The following, for example, is from Which Words?, published in the Daily Post (Liverpool, Merseyside, England) of Friday 11th October 1985 [page 16, column 1]:

A many-splendoured word is hack. […]
[…]
In American campus use hack is to vomit, in Standard English to cough. Of course, it once meant a penny-a-line journalist, but it has softened into an affectionate tag for a fellow journalist, especially one jointly suffering, as in war reporting, in a temporary cameraderie [sic].

The phrase penny-a-line came to be also used attributively of low-quality writing.—Cf., below, “penny a line flourishes” in the quotation from the London Mercury (London, England) of Saturday 21st October 1826.

—Cf. also ‘penny-a-liar’: meaning and origin.

The first two mentions of payments at the rate of a penny a line that I have found are as follows:

1-: From The British Press (London, England) of Monday 2nd July 1804 [page 2, column 3]—here, however, penny a line is positively connoted:

The articles in The Oracle furnish internal evidence that they are not from the pen of the Treasurer of the Navy. Mr. Canning is a gentleman of literary talents, of which the writing in The Oracle bears no mark.
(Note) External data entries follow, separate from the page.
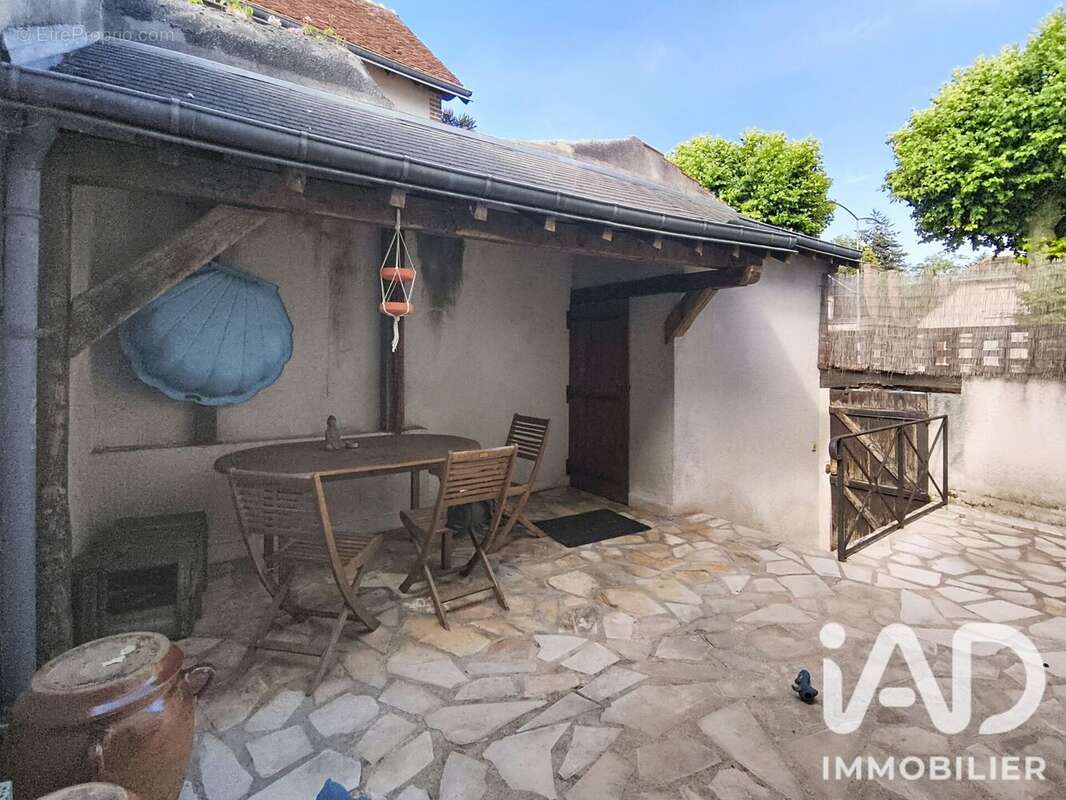 Maison 228 m² à Romorantin-Lanthenay  - photo 9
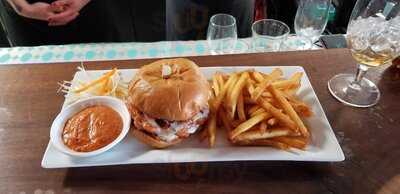 Four Sixty On The River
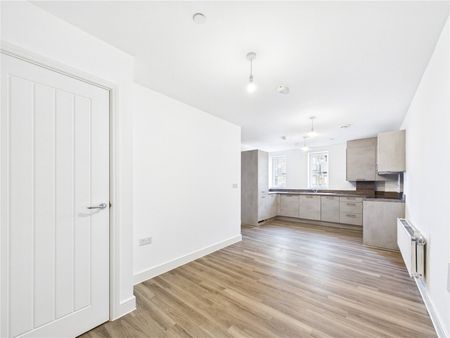 Wharf Road, Chelmsford, Essex, CM2 6JH - Photo 4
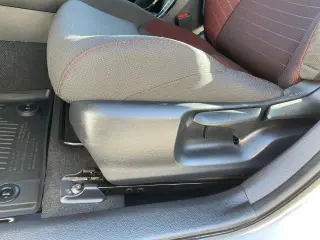 Toyota Corolla 2025 SE 4p Sedana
It is impossible that he should degrade his character and mispend [sic] his time by writings which would be executed for a penny a line in a superior style and manner by the humblest agent in any newspaper office in London.
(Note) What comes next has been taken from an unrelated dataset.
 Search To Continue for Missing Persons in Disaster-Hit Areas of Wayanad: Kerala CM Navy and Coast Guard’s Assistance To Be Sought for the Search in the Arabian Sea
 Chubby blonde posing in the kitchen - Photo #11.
2-: From Vicissitudes in Early Life; Or, The History of Frank Neville (London: C. Chapple, [1807]), by Dennis Lawler [volume 1, chapter 6, page 81]:

A man of first-rate Classical acquirements, can look for no better fortune, during his whole life, than the drudgery of teaching under another, or writing paragraphs for the newspapers at a penny a line.

The earliest attributive uses of the phrase penny-a-line that I have found are as follows, in chronological order:

1-: From an account of the address from the inhabitants of Bethnal Green to the Queen, which took place on Wednesday 30th August 1820, published in The Imperial Weekly Gazette, and Westminster Journal (London, England) of Saturday 2nd September 1820 [page 2, column 1]:

The Courier, in describing the procession, says, with its usual venom, “It was preceded by eight ‘mutes’ on horseback to clear the way; that the carriages, for the most part, were drawn by undertaker’s horses [&c.]”.
The fact is, the Courier had planted at the door of their office, the whole corps belonging to their establishment, consisting of compositors, pressmen, fly boys, (alias printers’ devils,) and two or three penny-a-line gentlemen, to give an account of the procession, and from the report of this horde, they have fulminated the nonsense that appeared on Thursday.

2-: From Slang. A Dictionary of the Turf, the Ring, the Chase, the Pit, of Bon-ton, and the Varieties of Life, Forming the Completest and Most Authentic Lexicon Balatronicum Hitherto Offered to the Notice of the Sporting World (London: Printed for T. Hughes, 1823), by the British author and journalist Jon Bee (John Badcock – fl. 1810-1830) [page 183]—here, qu. is the abbreviation of quasi:

Two-penny men—i.e. two-pence per line for fabricating articles of intelligence for the newspapers, paid to men calling themselves reporters [qu. porterers? carriers] forsooth. When the type used for such minor purposes ceases to be minion (e mignon, little) and devolves into bourgeois (or commonalty letter)—into brevier, or short letter—then three half-pence is the dignè payment per line. Sometimes called ‘penny-a-line-men;’ but this applies only to such as work at under price—dungs; an invidious kind of generalising.

3-: From The Australian (Sydney, New South Wales, Australia) of Saturday 15th July 1826 [page 2, column 3]:

As to “general principle of character,” and also as to education, Mister Taylor is on a par with many, and superior to many others of the gentlemen reporters who frequent the Police Offices in the great metropolis of London. His character, bad as it may be, will bear a scrutiny with nine tenths of the penny-a-line youths, who feed the Newspapers of London with nine tenths of their food, out of Parliamentary seasons.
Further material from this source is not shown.